The Company’ s primary market risk exposure is associated with commodity prices, credit and interest rates. MichCon has risk
management policies to monitor and manage market risks.
Commodity Price Risk
The Company has fixed-priced contracts for portions of its expected gas supply requirements through March 2014. These gas supply
contracts are designated and qualify for the normal purchases and sales exemption and are therefore accounted for under the accrual
method. We may also sell forward storage and transportation capacity contracts. Forward firm storage and transportation contracts are
not derivatives and are therefore accounted for under the accrual method.
Credit Risk
The Company is exposed to credit risk if customers or counterparties do not comply with their contractual obligations. MichCon
maintains credit policies that significantly minimize overall credit risk. These policies include an evaluation of potential customers’

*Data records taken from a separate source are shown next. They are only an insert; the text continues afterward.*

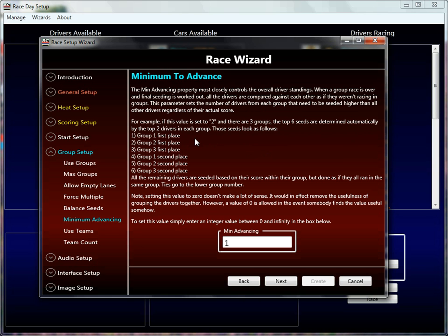Minimum to advance is the minimum number of drivers forced to the top of the overall standings in the group. So if it's set to one, one driver from every group will automatically be at the top of the overall standings — it's as simple as that. That's all the time I have right now. We'll get back to this later. Thanks.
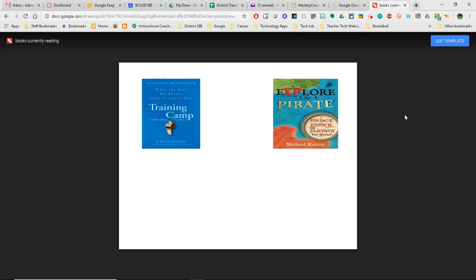So just by changing the end of that URL where it says Edit to either Copy, Preview, or Template backslash Preview, it will force the person you're sharing with to do something a little bit different with the doc that you shared.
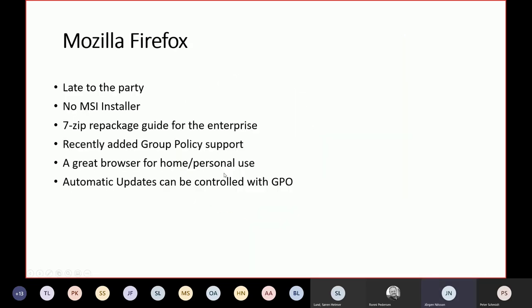Firefox is really late to the party. It doesn't have an MSI installer, it's a 7-zip repackaged guide for the enterprise. It added group policy support maybe a year ago, and that's recently in this world. Still a great browser for home and personal use, but I wouldn't use it in a corporate because I can't manage it in a good way.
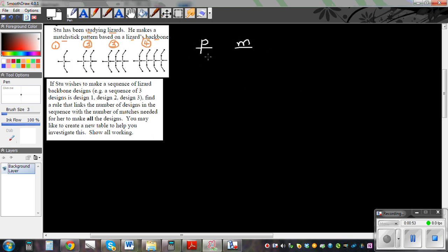For pattern number 1, we have 1, 2, 3, 4 — 4 patterns. So how many matchsticks do we have? We count 1, 2, 3, 4, 5, 6 — so 6 matchsticks for pattern 1.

and counterparties’ financial condition, credit rating, collateral requirements or other credit enhancements such as letters of credit or
guarantees. The Company generally uses standardized agreements that allow the netting of positive and negative transactions
associated with a single counterparty.
The Company maintains a provision for credit losses based on factors surrounding the credit risk of its customers, historical trends,
and other information. Based on the Company’ s credit policies and its December 31, 2010 provision for credit losses, the Company’ s
exposure to counterparty nonperformance is not expected to have a material adverse effect on the Company’ s financial statements.